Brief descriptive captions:
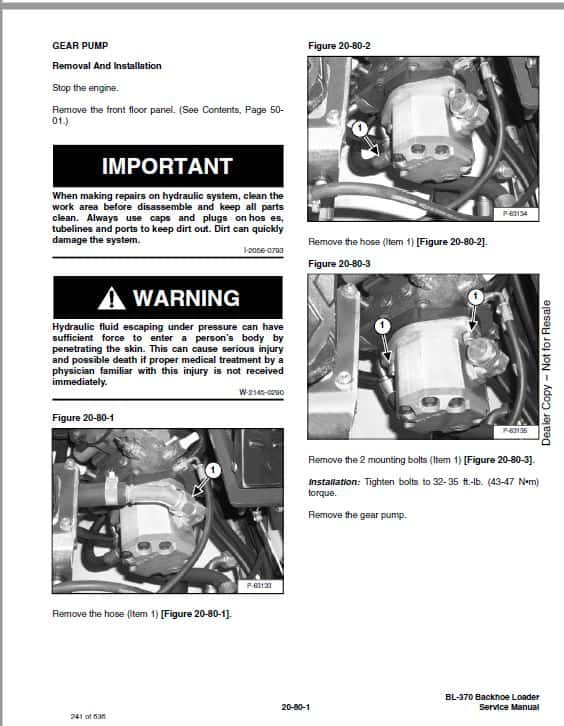 Bobcat BL370 (B-Series) Loader Service Repair Manual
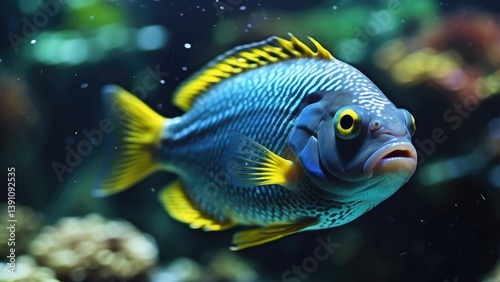 A vibrant blue fish with distinctive yellow spots and a yellow-fringed fin is shown in close-up.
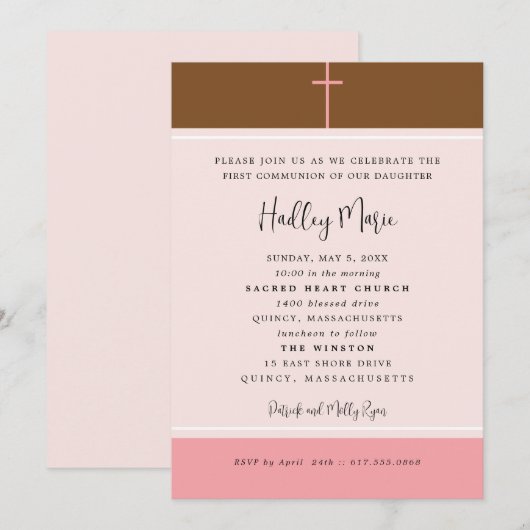 Eenvoudig roze kruis Eerste Heilige Communauteit U Kaart (Voorkant / Achterkant)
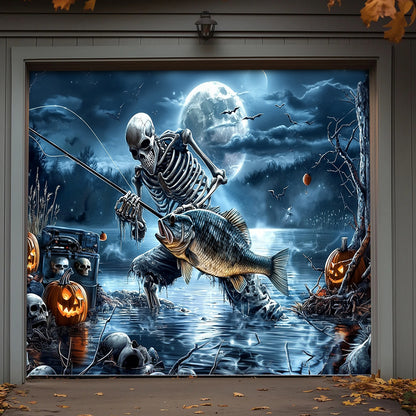Lorva Halloween Garage Door Banner Decoration Gone Fishing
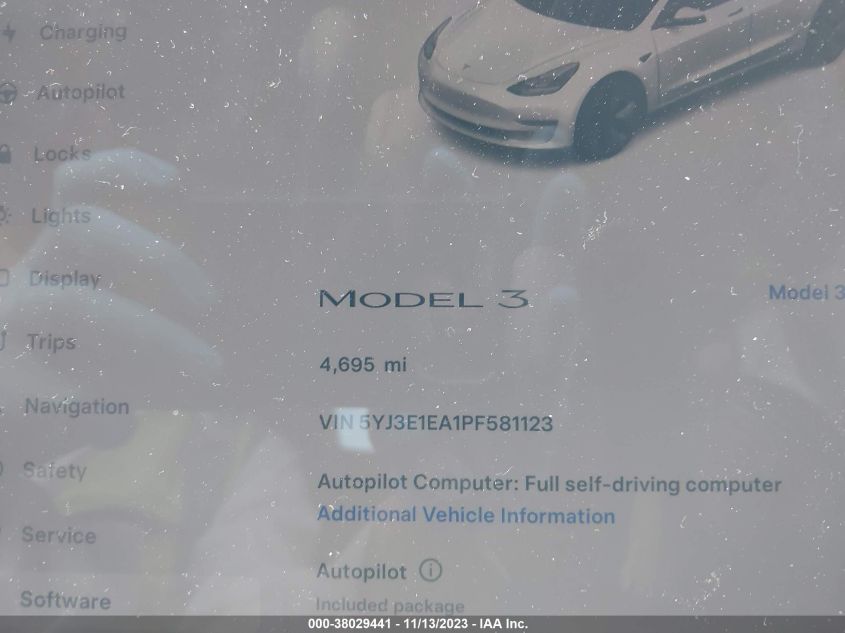 2023 TESLA MODEL 3 - 5YJ3E1EA1PF581123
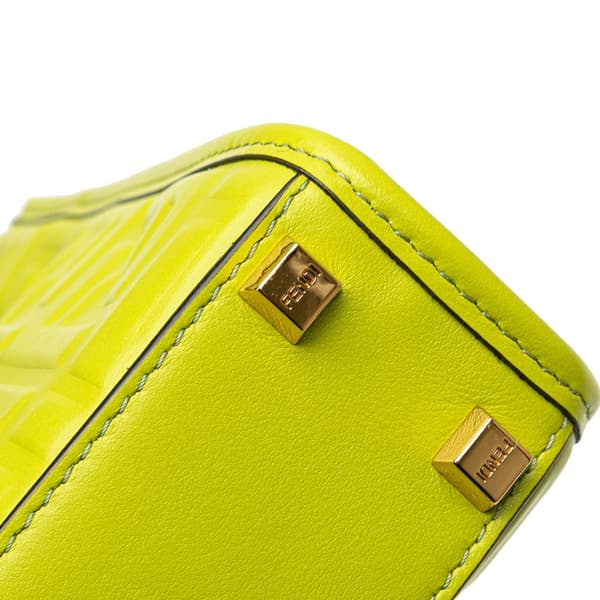 Pre-owned Fendi Mini Zucca Embossed Leather Sunshine Shopper Tote Green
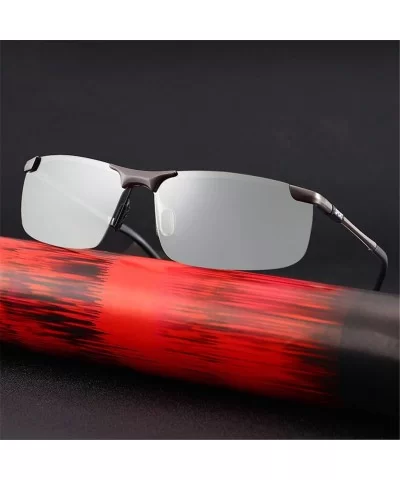 Square Photochromic Sunglasses Men Polarized Vintage Black Driving Sun Glasses for Men - Gray Frame - CA194O0WU85 $65.53 Semi...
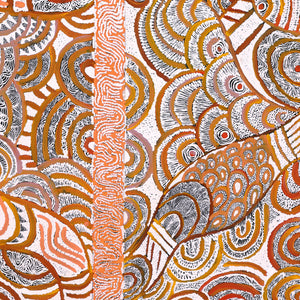Aboriginal Artwork by Margarina Napanangka Miller, Lukarrara Jukurrpa, 91x61cm - ART ARK®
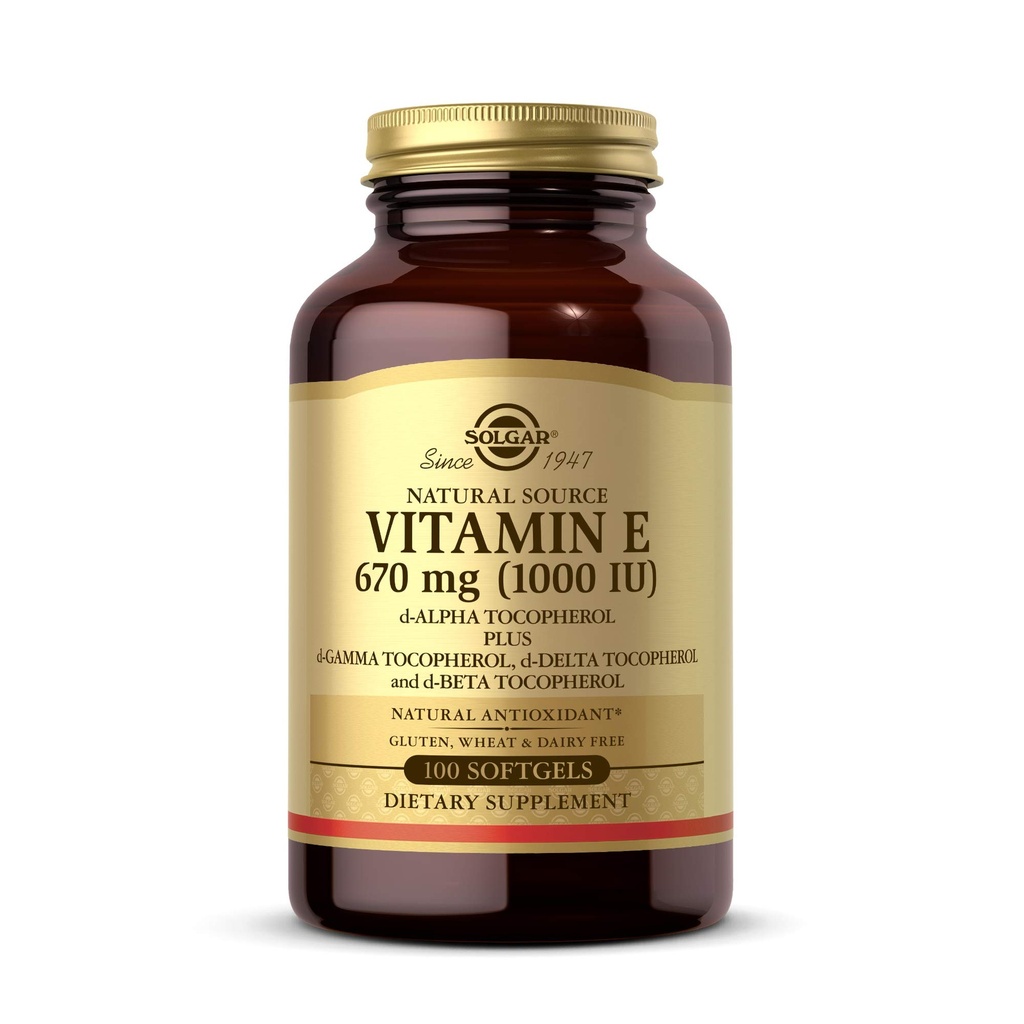 Solgar Vitamin E 670 mg (1000 IU), 100 Mixed Softgels - Natürliche Antioxidanz, Haut- und Immunsystemunterstützung - Natürliche Vitamin E - Glutenfrei, Milchfrei - 100 Servierungen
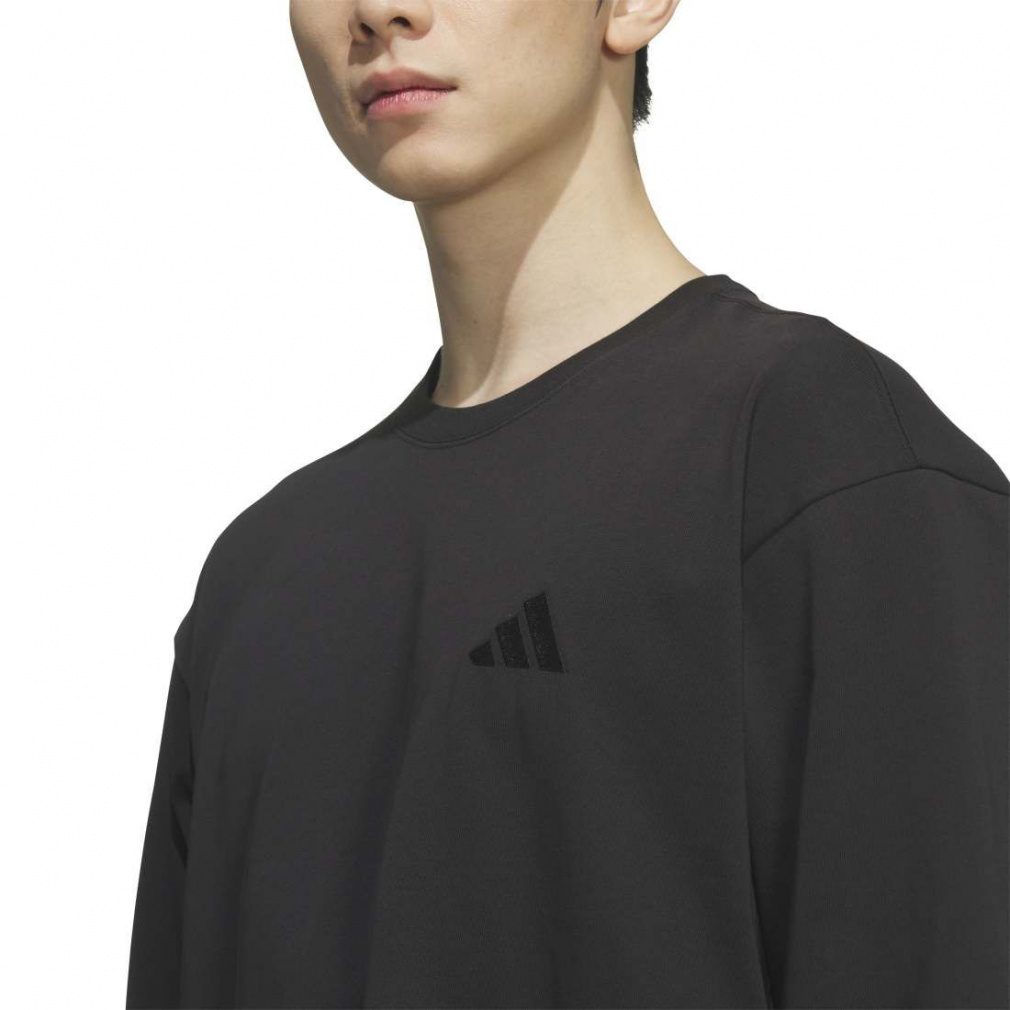 アディダス メンズ 長袖Tシャツ ルーズフィットデニムルック ツイル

(ACTIVITY): Please return only the lines from the top of the data through the line with "2023 TESLA MODEL 3 - 5YJ3E1EA1PF581123", exactly as written, and drop every picture.

(SOLUTION TO THIS PROBLEM):
 Bobcat BL370 (B-Series) Loader Service Repair Manual
 A vibrant blue fish with distinctive yellow spots and a yellow-fringed fin is shown in close-up.
 Eenvoudig roze kruis Eerste Heilige Communauteit U Kaart (Voorkant / Achterkant)
Lorva Halloween Garage Door Banner Decoration Gone Fishing
 2023 TESLA MODEL 3 - 5YJ3E1EA1PF581123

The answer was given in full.